**Problem statement:** Retype every line from the one containing "Ann Taylor Linen" through the last line of the records below, both included; leave out the pictures.

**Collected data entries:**

◆ ◆ ◆ ◆ ◆

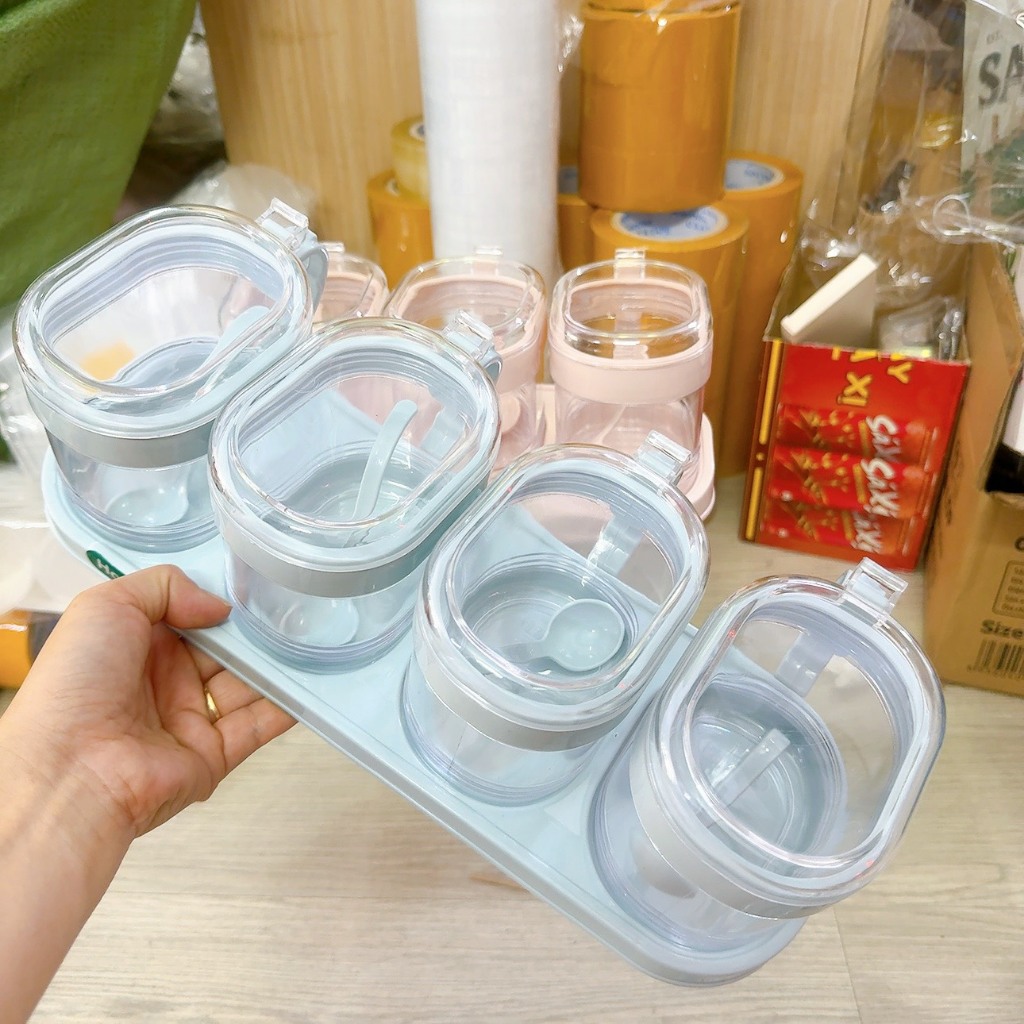 Set hũ đựng gia vị có kèm thìa nắp - Bộ Hũ Lọ Đựng Gia Vị Hokori sử dụng tiện lợi cho nhà bếp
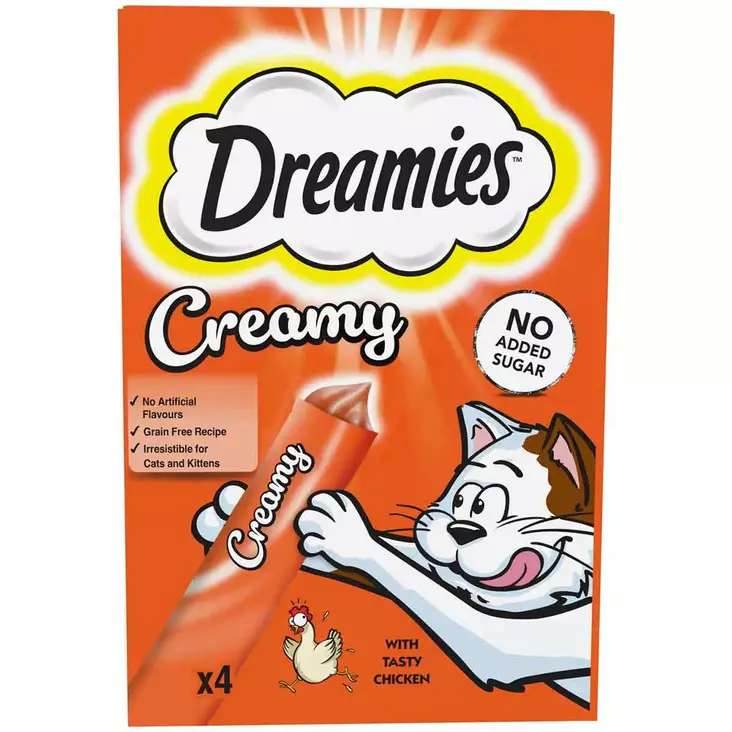 Dreamies creamy kana kissanherkku annospussissa - Kissan makupalat ja herkut - 4008429151156 - 1
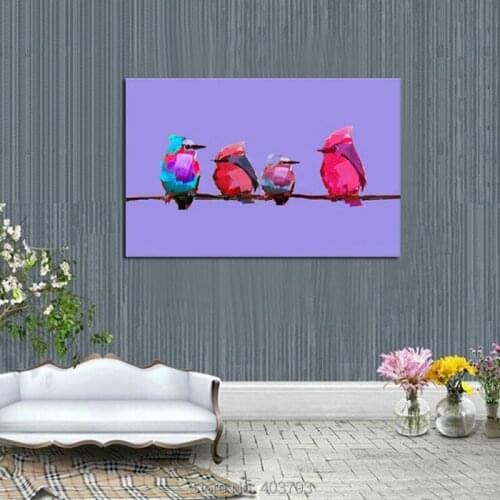 Pure Hand Painted Bird Animals Oil Painting On Canvas Modern Abstract Paintings Wall Art Pictures For Hotel Decor No Framed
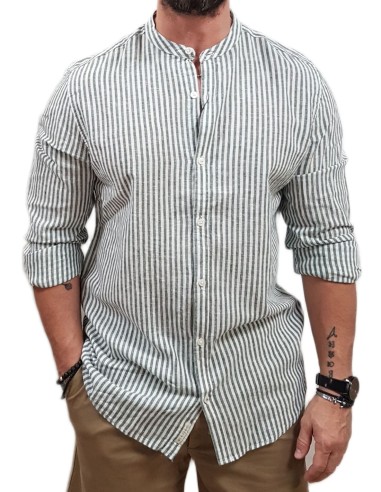 Rebase - 251RGS-5063 - Long Sleeve Mao Linen Shirt - CC83 Olive White - Πουκάμισο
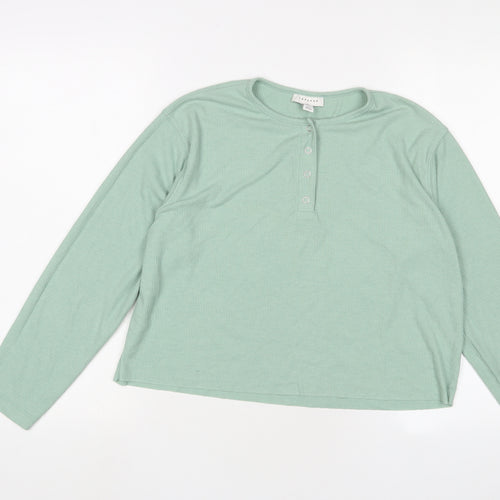 Topshop Womens Green Viscose Basic T-Shirt Size 6 Henley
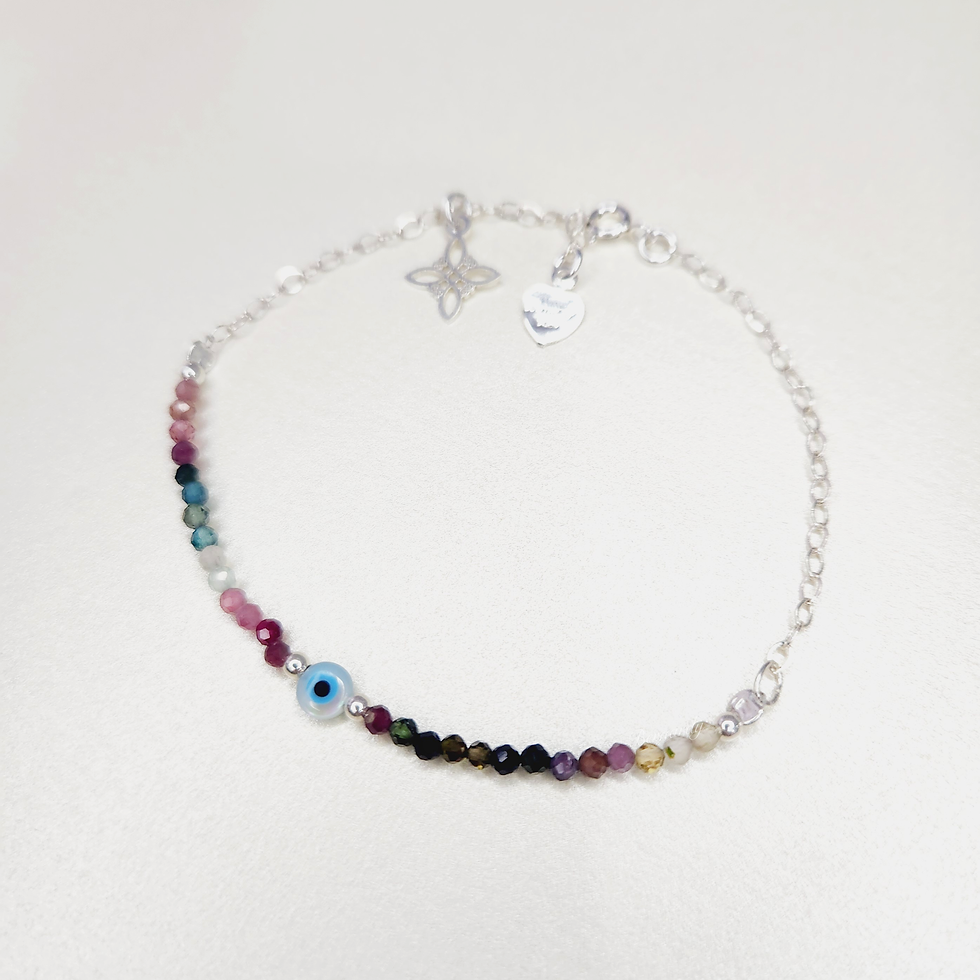 Thumbnail: Pulsera de Turmalina Sandía con Dije Ojo Turco y Nudo de Bruja Plata 925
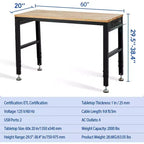 Banco da lavoro regolabile in nero e legno, 60"x20", monoposto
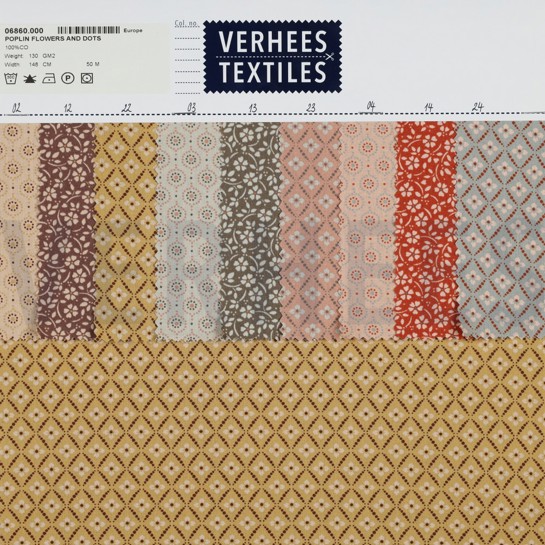 KATOENEN POPLIN BLOEMEN EN STIPPEN POEDER #7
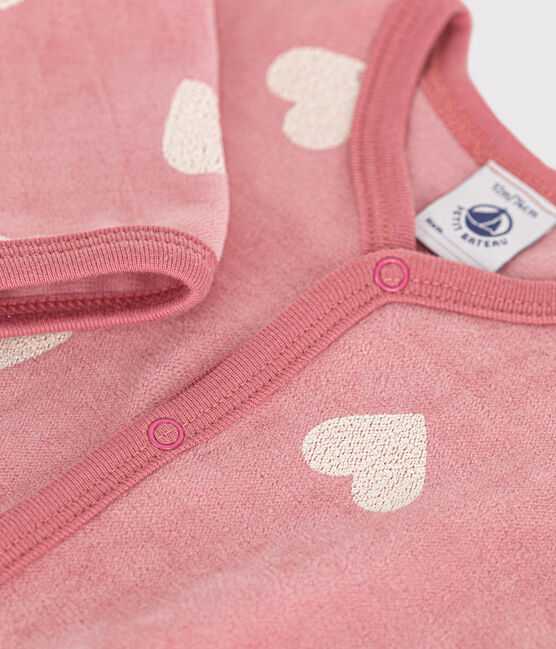 Pigiama in velluto con stampa a cuori neonato rosa ROSEWOOD/ MARSHMALLOW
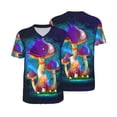 thumbnail image 3 of Daiia Magic Mushrooms ,Fireflies Mens Baseball Jersey Button Down Shirts Short Sleeve Sports Uniforms-Large, 3 of 9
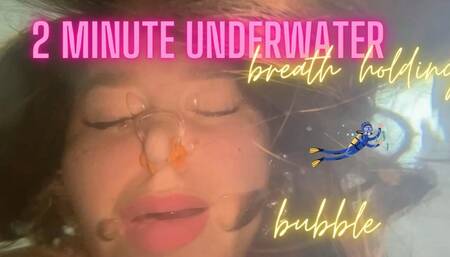Face underwater 2 minute breath control
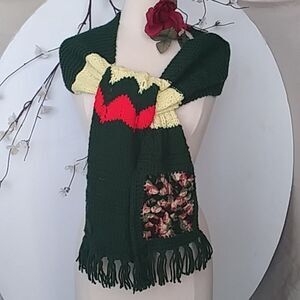 Scarf Hand-Crocheted Boho Bohemian 70s Style Sampler Granny Squares Zig …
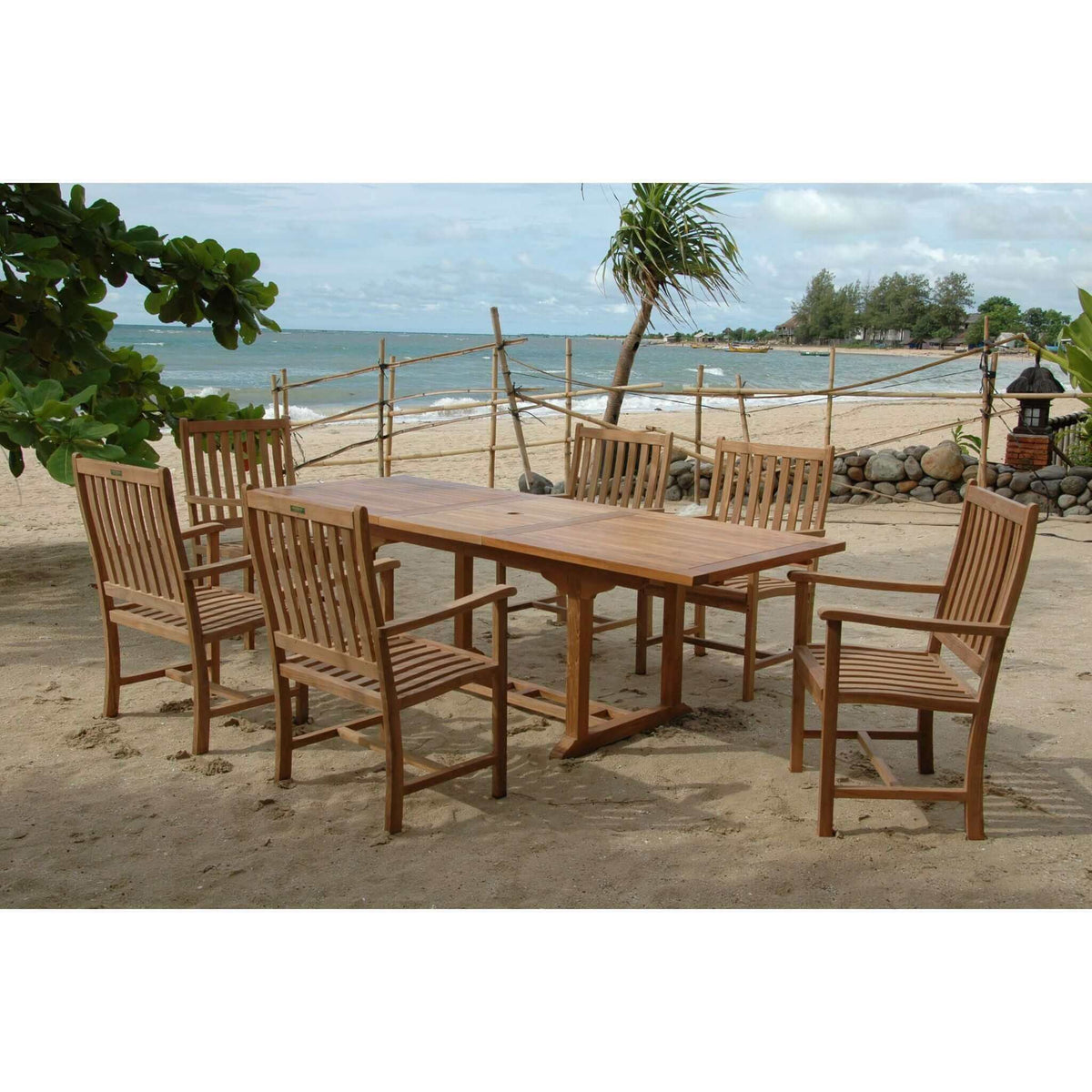 Anderson Teak Bahama Wilshire Armchair 7-Pieces Extension Dining Set-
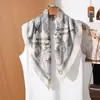 Pañuelo Cuadrado de Doble Cara con Patrón de Espiga Bicolor para Mujer, Primavera y Verano, Lujo Ligero, Versátil, Adecuado para Ir al Trabajo, Pañuelo Pequeño Elegante y con Estilo para Mujer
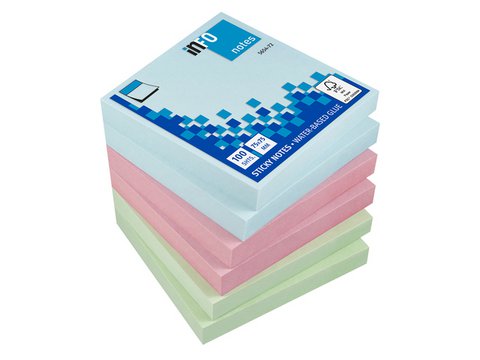 Info notes 75x75mm assorti pastel pak 6 blok blauw, roze, groen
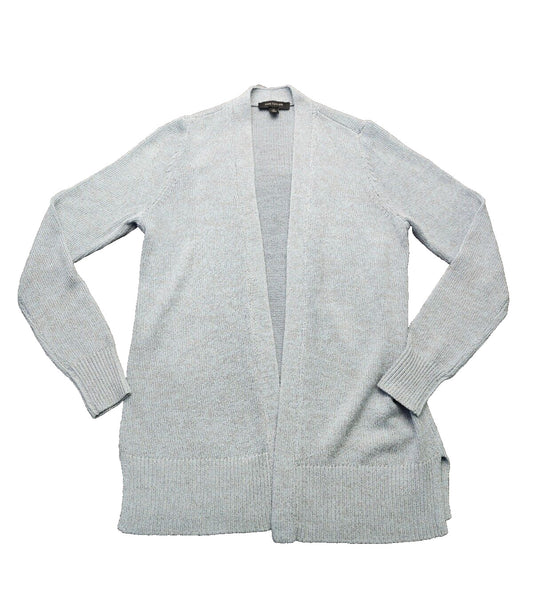 Ann Taylor Linen Blend Open Cardigan Light Blue Size XS Colorful Coastal Casual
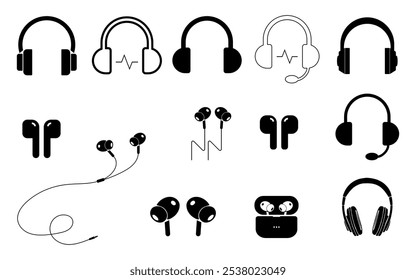 headphone earphone icon set vector sign symbol buttons flat design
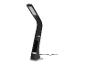 Lampe de bureau LED noire avec bras flexible et base chromée.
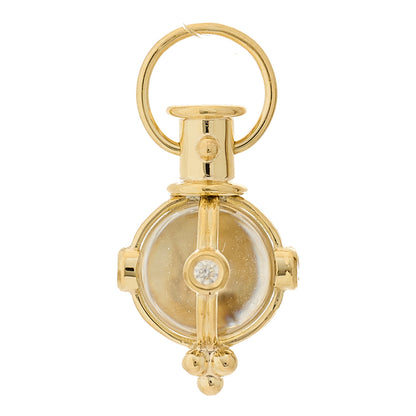 Temple St. Clair 18K Yellow Gold Diamond Rock Crystal XS Classic Round Amulet Pendant 1 of 4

◆ ◆ ◆ ◆ ◆

**Result:**
 Ann Taylor Linen Blend Open Cardigan Light Blue Size XS Colorful Coastal Casual
 headphone earphone icon set vector sign symbol buttons flat design
 Lampe de bureau LED noire avec bras flexible et base chromée.
 Temple St. Clair 18K Yellow Gold Diamond Rock Crystal XS Classic Round Amulet Pendant 1 of 4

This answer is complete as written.